人は他と己との間に境目を作るからこそ、個として認識することができる。己たちは四つで一つ。境目などない。
けれど、『陰海月』はそれを認識しているのかもしれない。
とは言え、いくら考えたところで答えが出るわけでもない。
こうなれば、直接聞くばかりであると四つを一つに束ねた悪霊は山積した絵本の中心で、また一枚と頁をめくる触腕を手繰る『陰海月』の元へと向かう。
「一つよいか、『陰海月』よ」
「ぷきゅ?」
「あなたは我等のことを認識している様子。それをどうやっているのかご教授願えませんか」
「今なら胸の内を言葉にすることもできるでしょうともー」
「感じたままでいいのだ。『陰海月』の言葉で」
彼らの言葉に『陰海月』は首を傾げる。
そんなに入れ代わり立ち代わり言わなくてもいいのに、という雰囲気が伝わってくる。
でも、絵本を読み続けた彼は言葉にする。
胸の内を言葉で表現することの素晴らしさを知っているからこそ、感じるままに言葉にするのだ。

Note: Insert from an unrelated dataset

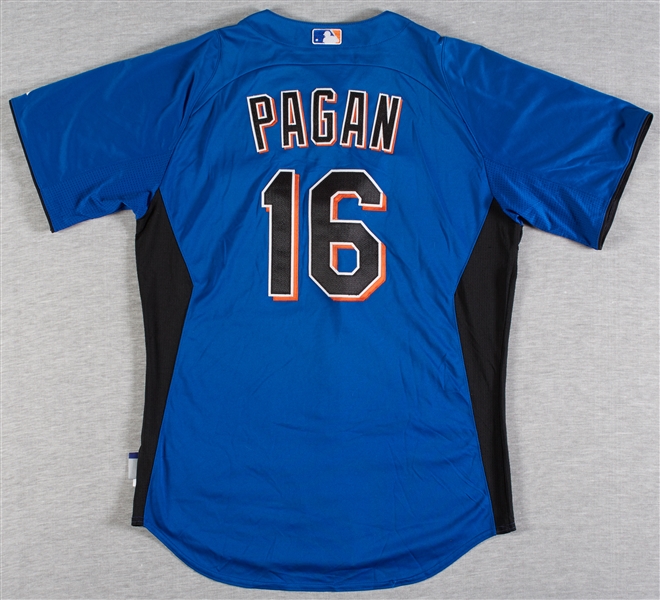 Angel Pagan 2011 Mets Game-Used Batting Practice Jersey (MLB) (Steiner)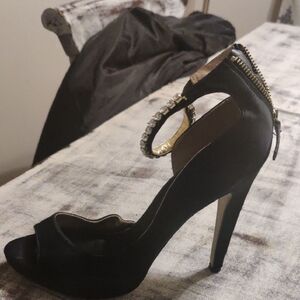 Nine West Black Peep-Toe Heels with Gold Accents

「ぷーきゅ! ぷきゅぷきゅ、きゅーきゅーぷきゅー!」
その言葉は四悪霊たちにとっては衝撃であったのかもしれない。
『疾き者』ならば『びゅーびゅー』。
『静かなる者』なら『さむさむ』。
『侵す者』なら『あつあつ』。
『不動なる者』なら『おもおも』。
それはあまりにも拙い言葉であったかもしれない。
けれど、人が感じる以上に彼は自分たちの力を、自分たちそのものとして認識している。
「なるほどのぅ」
「はー……属性でー」
「『陰海月』は思う以上に感受性が高いのやもしれませんね」
「ふむ……情操教育というものか」
これが成長を見守るということだと、彼らは関心するしかないのであった――。